I'm really sorry that the GSD bit you and congratulate you on looking for a solution for the dog and your in-laws. There are great people here who can discuss all kinds of training and behavior modification, but of course the issue is not for YOU to train the dog-but for your in-laws to do so.

May I suggest that you tell them that you found this site and that it is regularly visited by scores of experienced GSD lovers, trainers and that this is the place for them to get information. Your in-laws will definitely be among friends (if they take their dog's situation to heart). You are definitely acting on your love of dogs to try to get help for your in-laws, instead of starting a family feud.

Please get them to come here. They will learn a lot.

Mary Jane


----------



## Hatterasser (Oct 25, 2007)

Been there, done that, got 2 T-shirts!!!

Tell the owners to read my thread on Thor HERE. 

When they've done that (or at any time you wish) tell them that if the ACO's are called in for a third attack, their dog is dead...period. Thor is now listed as a "potentially dangerous" dog in the county records and he will not be allowed another bite. I don't mean to sound so gruff but it's scary as **** when you are confronted by an attacking dog....just ask George (see my thread).

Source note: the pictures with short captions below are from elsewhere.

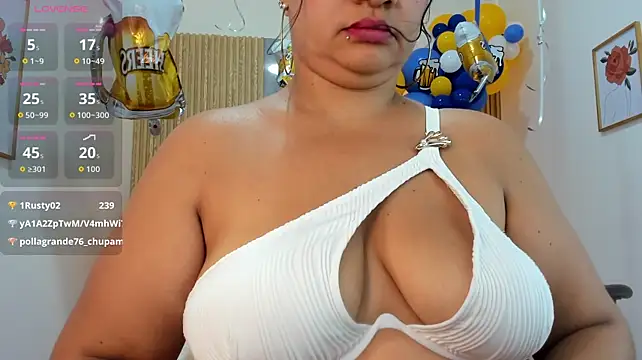 Cloe_35 Obrolan Langsung XXX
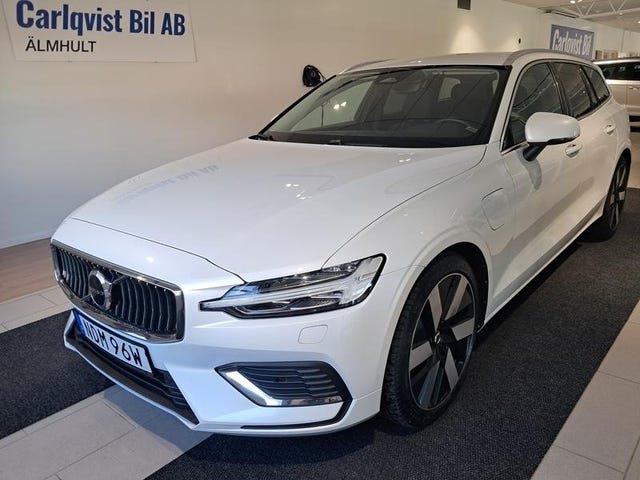 Volvo V60 2024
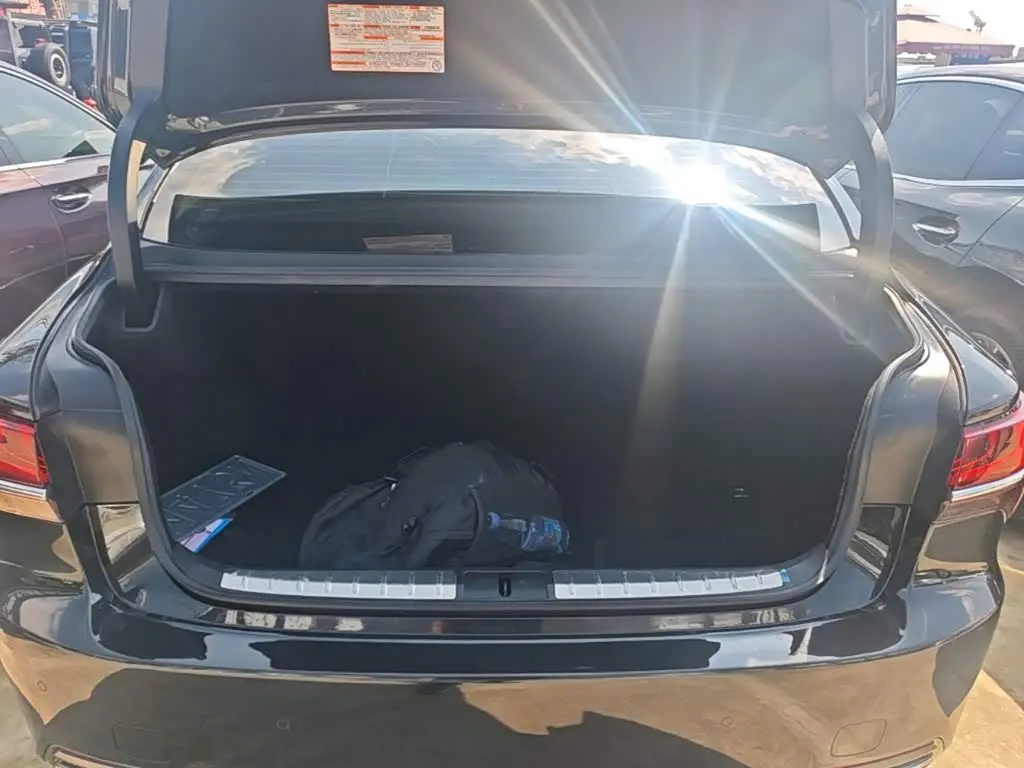 Lexus LS 2020 — Photo 18/19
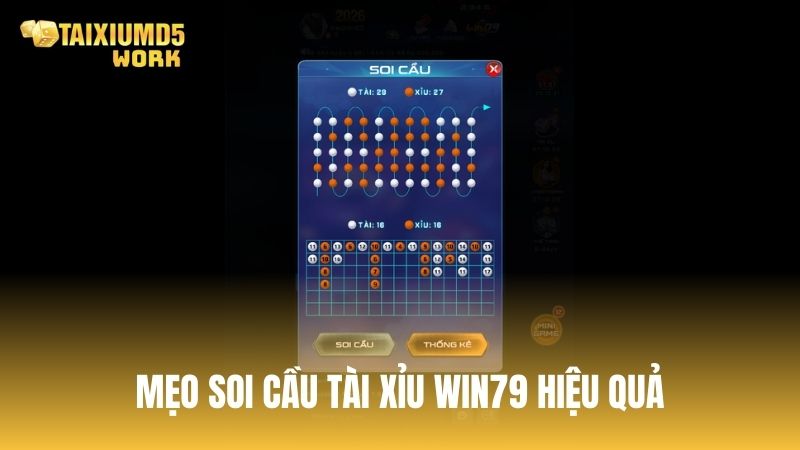 Mẹo soi cầu tài xỉu được cao thủ tại cổng game chia sẻ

However, I began obedience training classes, working towards his CGC certificate, which the county has told me 'might'..I repeat, 'might'....allow him to be removed from the dangerous status. Even though we're nowhere near complete (life has been rougher recently than I expected, and we've missed a few classes, but I'm still working the commands outside of training sessions) I am seeing a much more dependable dog now. When he gets a little too antsy about someone jogging by or another dog bouncing around, a firm "Leave it!" works very well.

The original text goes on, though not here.